We've all felt like that at some time or another. A writer called Gene Fowler once said, "Sometimes I think it sounds like I walked out of the room and left the typewriter running." Feel familiar?
Usually I find I'm convinced it's complete rubbish when I've just finished a particularly tough scene which felt like it had to be at least 3000 words and I discover there's a mere 1000 or less. That's because it was such a slog getting there. And now I'm sure the mere 1000 is going to end up mashed in the recycle bin.
Worse is the time when it's flowing wonderfully well and you feel on top of the world as you realise you've exceeded your target for the day and you're convinced it's the best thing you've written this year. Then you read it back and deflate like a pricked balloon. It's terrible. It's the worst writing on the planet, and you immediately realise you've missed your vocation and nobody is going to want to read anything you write ever again.
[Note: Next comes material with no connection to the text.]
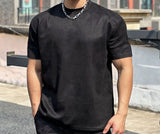 Fitness short-sleeved men's sports round neck T-shirt American summer solid color slim fit all-match trendy brand heavy casual training clothes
Oh, those writing blues! How does one get over these humps? First off, you're allowed to write junk. Who said everything you set down has to be perfect prose? Where's the blueprint for the writer who does it right every single time? There isn't one. So Rule One is - give yourself a break, don't beat yourself up.
Rule Two? Leave it. Don't try to edit it now. Your judgement is out the window. You've gone into effect of your writing instead of being cause over it. You'll be wearing an editor's hat that's the equivalent of Simon Cowell laced with Craig Revel Horwood. Forget it.
Come back to it next session. You'll surprise yourself by discovering it's not nearly as bad as you thought, and a few tweaks will put it right. In the unlikely event it is still junk, cut it from the document and save it in a "temp" file, and then start again from the last good point.
Warning: Don't delete the junk! You might need it later. Maybe not the whole thing, but snippets. And if you don't need it, by the time you realise it, you'll have plenty of new quality material and you won't care about chucking it out altogether.
And take a leaf out of Katherine Mansfield's book: "Looking back, I imagine I was always writing. Twaddle it was too. But better far write twaddle or anything, anything, than nothing at all."